Korey Lee, Vice President, Data, South China Morning Post
One challenge every business encounters is how to retain customers. How do we retain, re-engage, and keep our users captivated? What patterns of engagement or triggers create loyal return customers?
In the news media business, we’re also seeking more meaningful ways to engage with our readers, but we have the added challenge of having less data than a software, subscription1, or e-commerce business has.
In January 2019, SCMP started working on a machine learning project that would predict if a reader would return and become a loyal reader. We decided to internally codename this project “Bluefin” for two reasons:
1. Bluefin tuna return to their birthplace to hatch, just like our users would hopefully return to find meaningful content and information.
2.Population levels of bluefin are sadly critically endangered in the wild, as are loyal customers - worth protecting and nurturing back to healthy populations.
This predictive scoring engine stack ranks our users and optimizes marketing campaigns to focus resources on our highest potential readers. All marketing budgets are limited and audience selection is critical when it comes to optimising retargeting campaigns. In order to compare the effectiveness of the engine, we employed A/B testing with the hypothesis that the Bluefin selected audience would outperform the control group.

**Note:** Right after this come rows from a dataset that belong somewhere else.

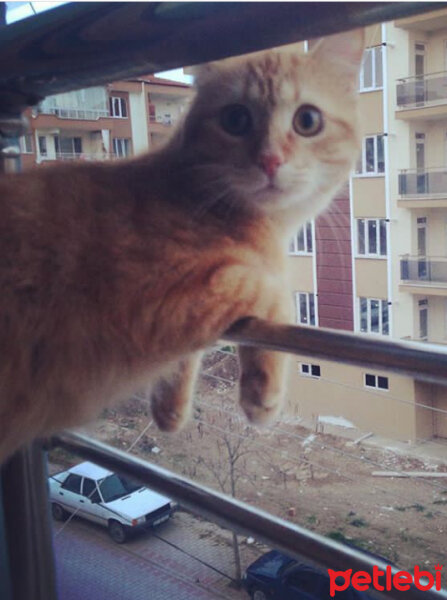 Tekir Kedi, Kedi  Susam fotoğrafı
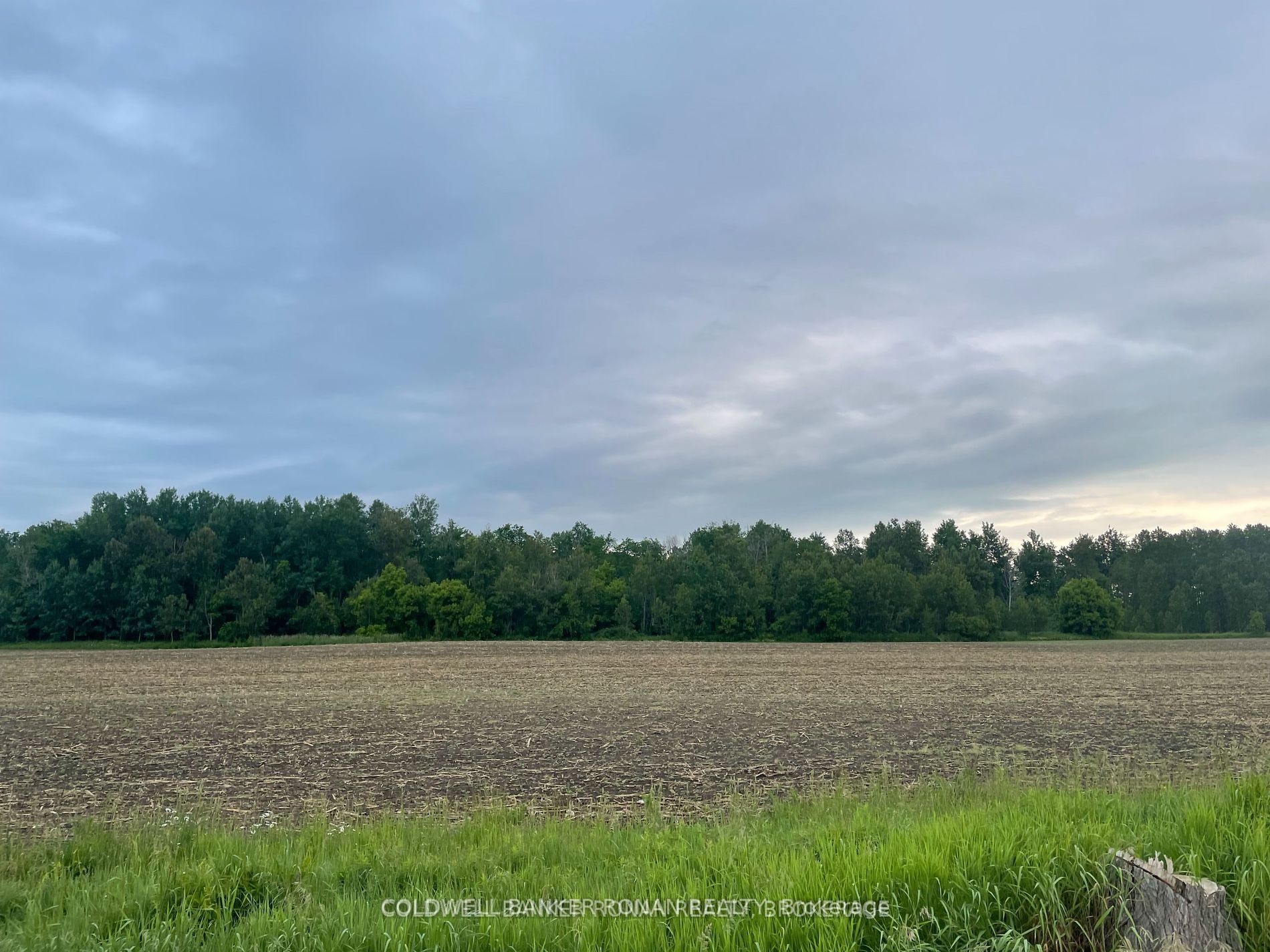 5525 Concession Rd 4
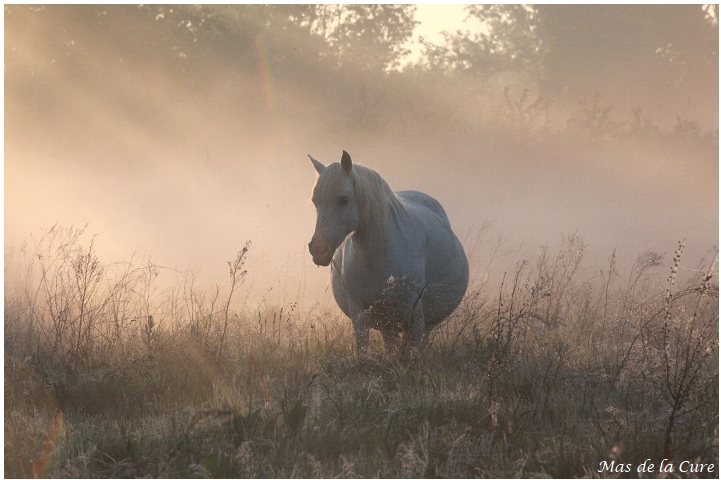Camargue5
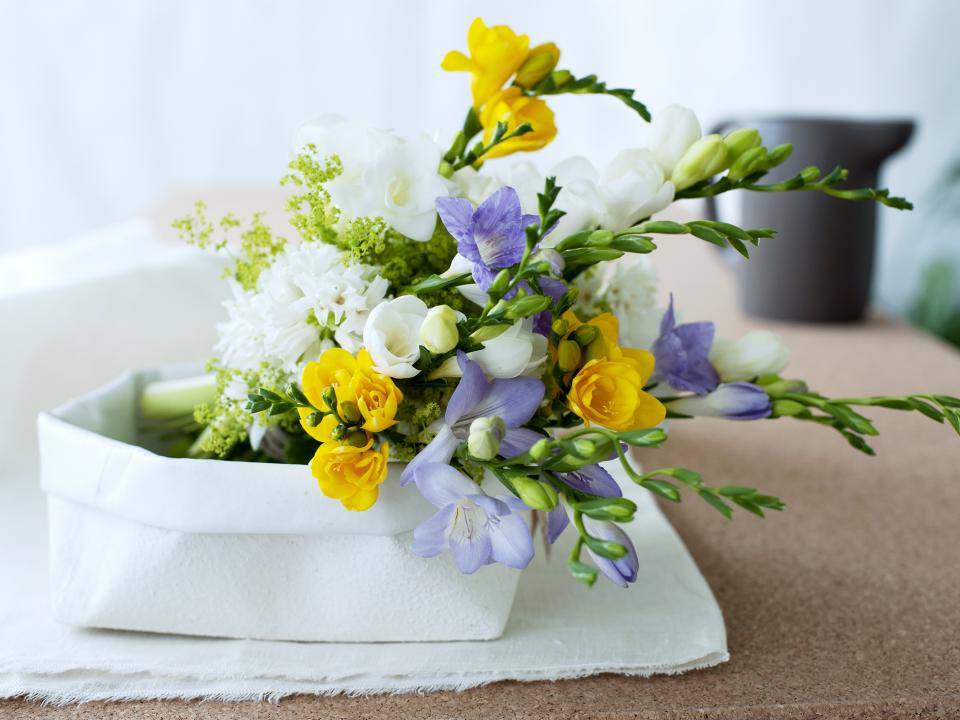 freesia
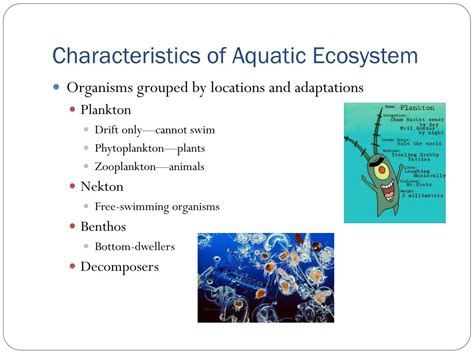 Ppt Aquatic Ecosystems Powerpoint Presentation Free Download Id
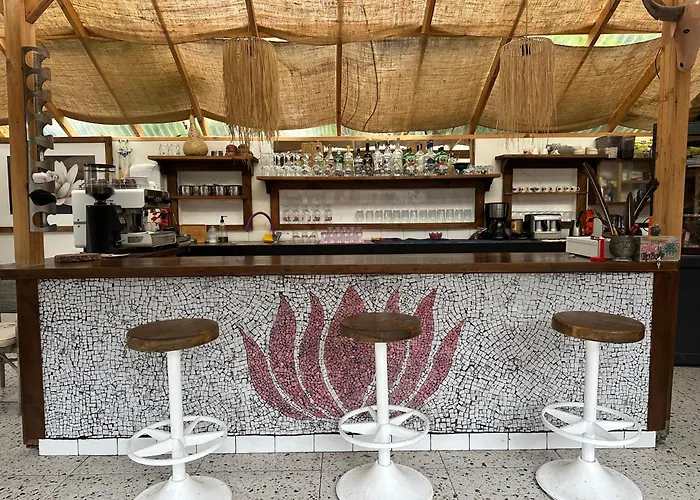 Mavi Lotus Bed & Breakfast 3*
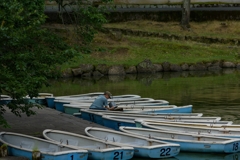 奈良公園で朝活
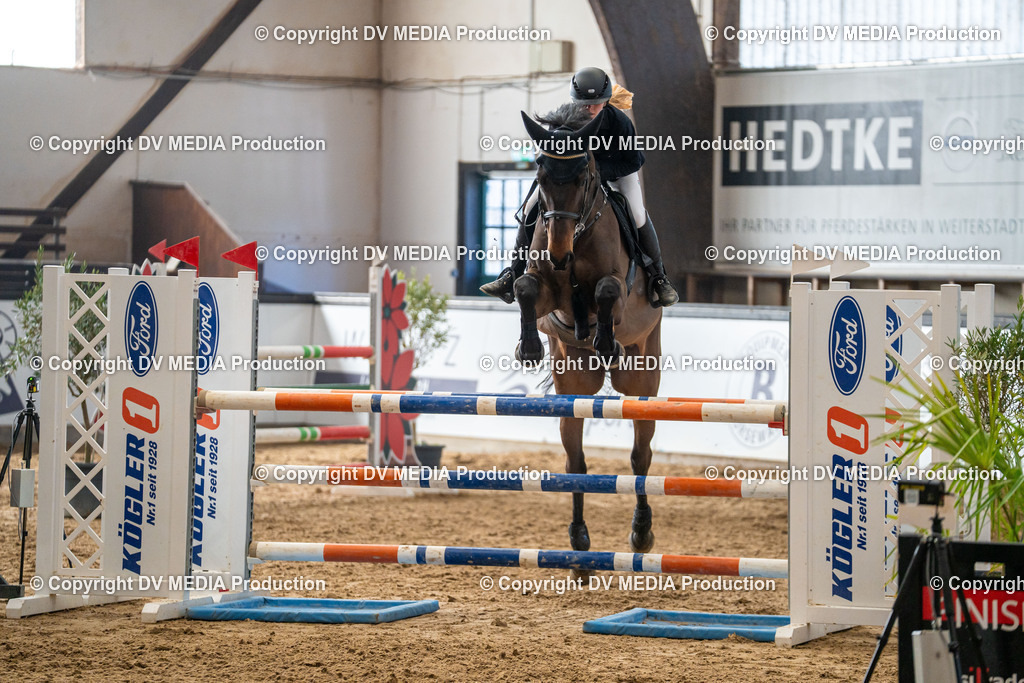 Kranichstein Tag 2-345 | dv-media-shop - Realisiert mit Pictrs.com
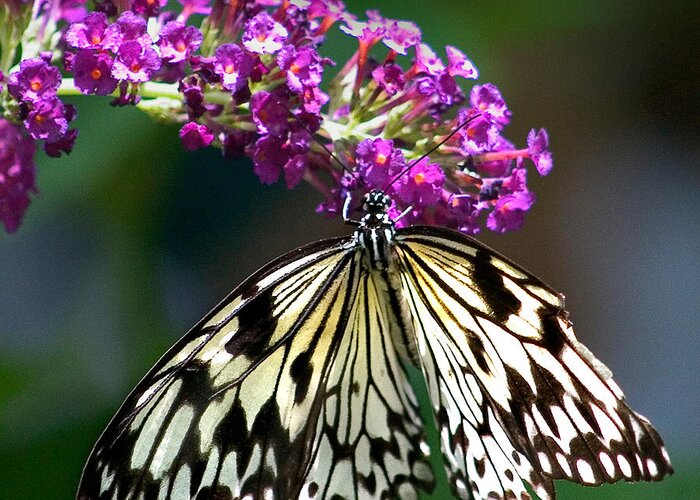 Karen Stephenson Photography Greeting Card featuring the photograph Broken Wing of Black and White on Purple by Karen Stephenson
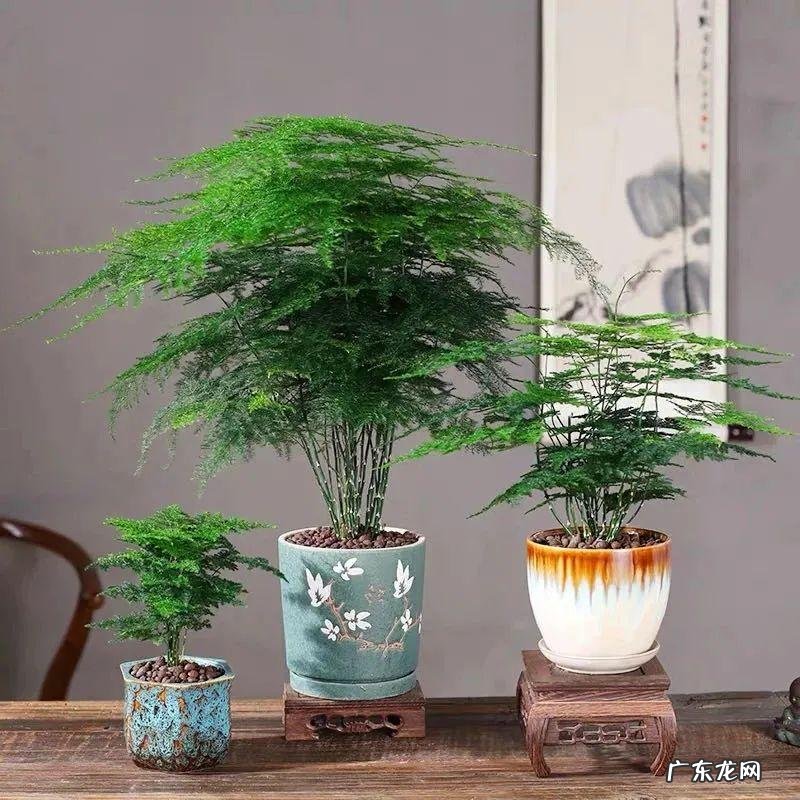 开运竹的风水作用 招财竹的寓意风水好吗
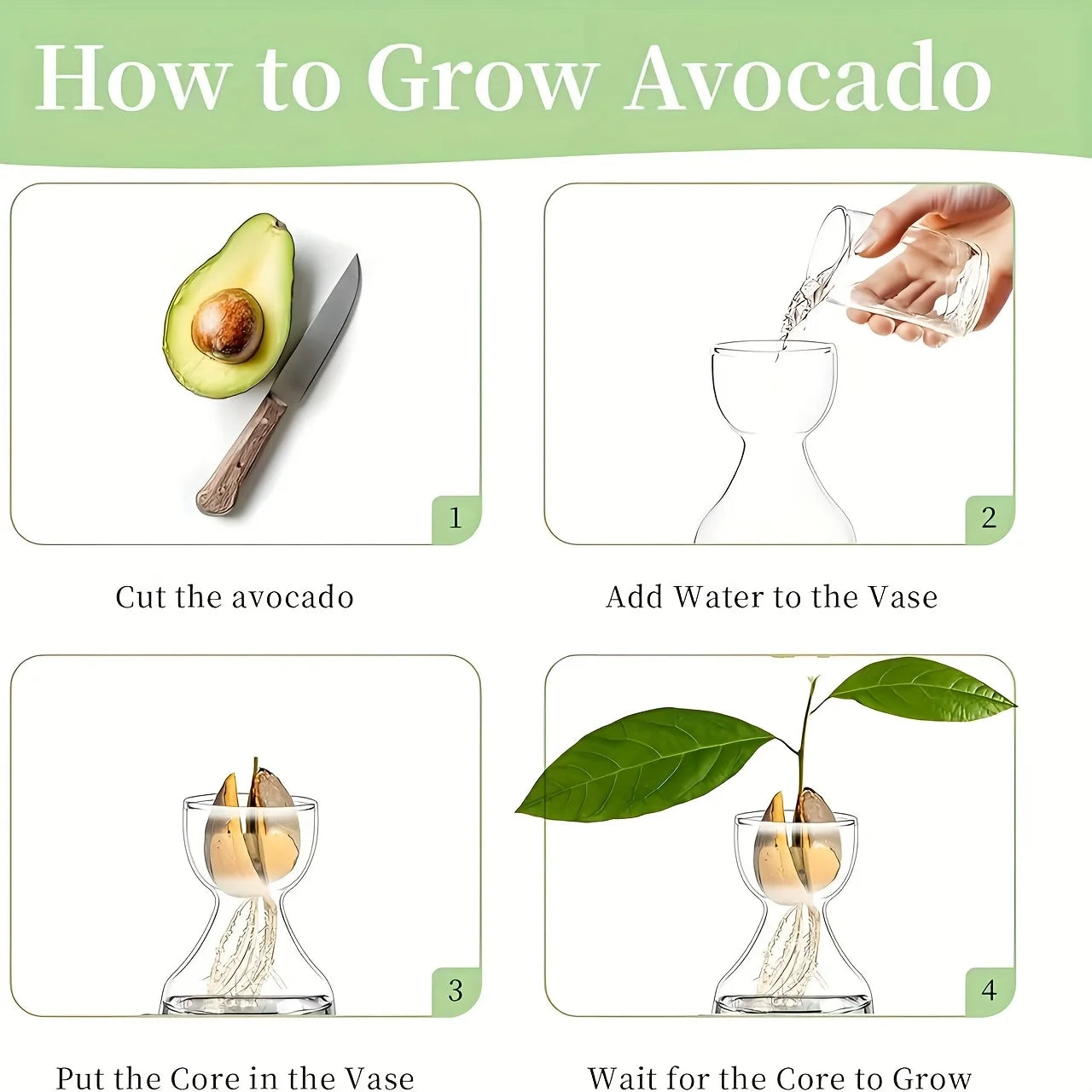 Avocado Growing Kit - Glass Seed Starter Vase for Gardening Lovers, Unique Hydroponic Planter Gift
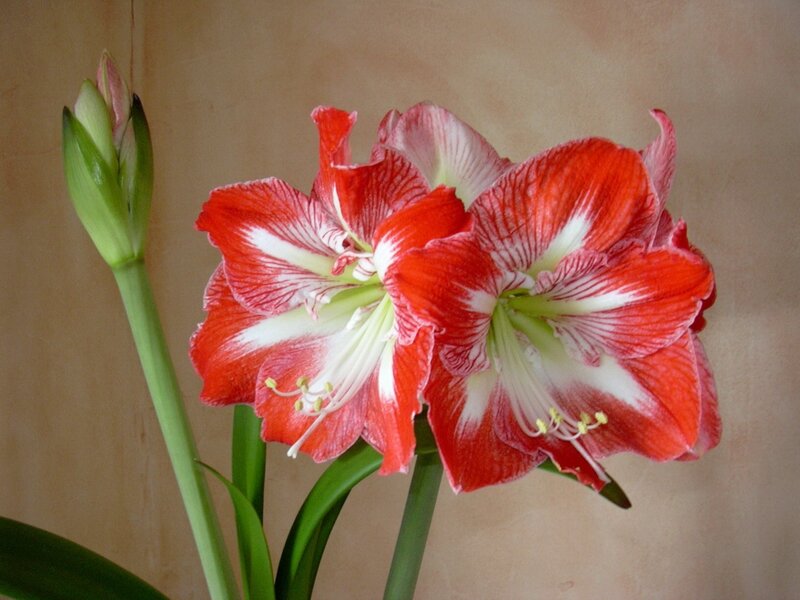 Red and White Amaryllis Flowers — Calm, Photograph, Flower Bud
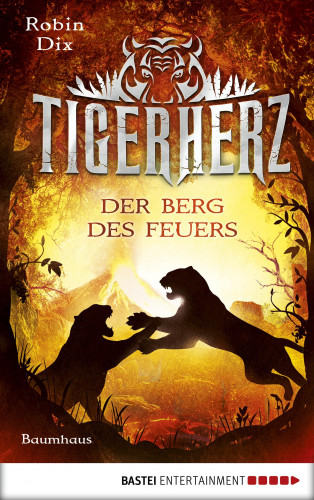 Robin Dix: Tigerherz - Der Berg des Feuers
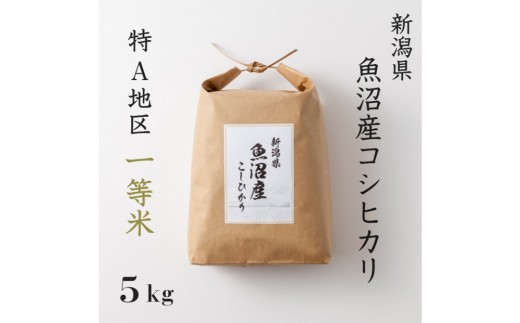 《 特A 一等米 》 令和7年産 魚沼産 コシヒカリ 5kg　慣行栽培　新潟　新潟県　こしひかり　魚沼　特A地区　5キロ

Here are the steps we took to build this out:
1) Data Preparation and Training
As news cycles are rather unpredictable and may not capture seasonality, we wanted to ensure we selected a period that generally avoided holidays or big spikes in our traffic that would skew our model. We selected the period from June 2018 to November 2018 as it was a relatively “normal” period in our traffic with consistent return readers and also generally avoided holiday troughs.
2) Model Training
Loyalty is defined as a multi-session user who returned to the site with a pre-specified frequency and recency. While we included over 40 raw variables in the model, we found several criteria2 were most impactful in driving loyalty:
● Percentage of page views in each section
● Time on page
● Days between the last 2 visits
● Percentage of sessions on various platforms
● Percentage of sessions by source and medium
3) Loyalty Prediction
In terms of evaluation criteria, accuracy rates in this case can be misleading as there are more non-loyal readers than loyal readers rendering an imbalance.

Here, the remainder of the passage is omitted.